For recovering addicts, doctors at the University of Massachusetts are testing a wearable sensor designed to discern drug cravings and send text messages with just the right blend of tough love.

For those with a hankering for a custom-built companion and $125,000 to spend, a talking robotic head can be modeled on the personality of your choice. It will smile at its own jokes and recognize familiar faces.

For dieters, a 15-inch robot with a touch-screen belly, big eyes and a female voice sits on the kitchen counter and offers encouragement after calculating their calories and exercise.

“Would you come back tomorrow to talk?” the robot coach asks hopefully at the end of each session. “It’s good if we can discuss your progress every day.”

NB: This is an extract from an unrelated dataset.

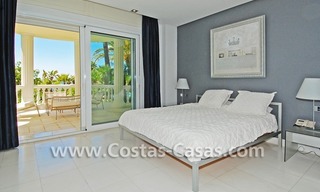 Exclusief beachfront appartement te koop, eerstelijnstrand, Marbella - Estepona 18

Robots guided by some form of artificial intelligence now explore outer space, drop bombs, perform surgery and play soccer. Computers running artificial intelligence software handle customer service calls and beat humans at chess and, maybe, “Jeopardy!”

Machines as Companions

But building a machine that fills the basic human need for companionship has proved more difficult. Even at its edgiest, artificial intelligence cannot hold up its side of a wide-ranging conversation or, say, tell by an expression when someone is about to cry. Still, the new devices take advantage of the innate soft spot many people have for objects that seem to care — or need someone to care for them.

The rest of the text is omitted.